だが、およそ重要な選挙や政局の変動があると、日本メディアは関係者にいろいろな「レッテル」を張ろうとする傾向がある。内政では、「急進派」とか「穏健派」、外交では「タカ派」や「ハト派」、党内については「親××派」に「反××派」と実にさまざま。「レッテル」が張られていなければ、読者は甲乙兵丁を区別できないようだ。
野田氏ももちろん、日本メディアの「册封」から身をかわすことはできなかった。すでに民主党代表選出馬を表明する前から、「増税派」とか「親米派」、「脱小泉派」といった「レッテル」を張られていた。
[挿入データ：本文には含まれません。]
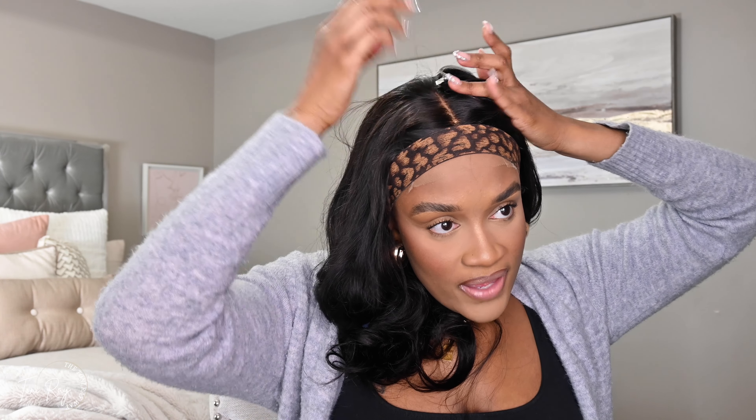Honey, I'm gonna have to come up out this sweater — I'm a little hot! Alright, I don't want to finger through the curls just yet. I want to go ahead and take this band off and trim this lace. I could use a heating comb to really push the edges back and all that.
実にさまざまな「レッテル」、政策の方向性を示しているのは間違いない。「レッテル」張りはもとより、その人物やその政党のイメージを理解するうえでプラスとなる。だが、事実がたびたび証明しているように、先入観による「レッテル」は常に偏りがちであり、誤った方向に導くことすらある。結局、言えば、政策は死んでいても、人は活きているということだ。
先ず、政策がいささか時によって異なったことだ。例えば、3月11日の地震と津波、放射能汚染の影響で、民主党は政策の優先度と予算の歳出方向を調整せざるを得なくなった。同様に今後、増税するにしても、国債を発行するにしても、野田新政権もまず協議してから行動を起こし、内外の経済情勢や民意の受け入れ程度を総合的に考慮せざるを得ないだろう。
次に、政策がいささか流れに応じて異なったことだ。2年前の8月、民主党は住民の変化を求める大きな流れを捉え、一挙に政権を更迭。だが、2年たっても政策面でやはり保守退嬰(たいえい)的であり、民衆の不満は強まり、内閣支持率は下がった。流れに応じた調整をしなければ、自民党政権の轍を踏むことになるだろう。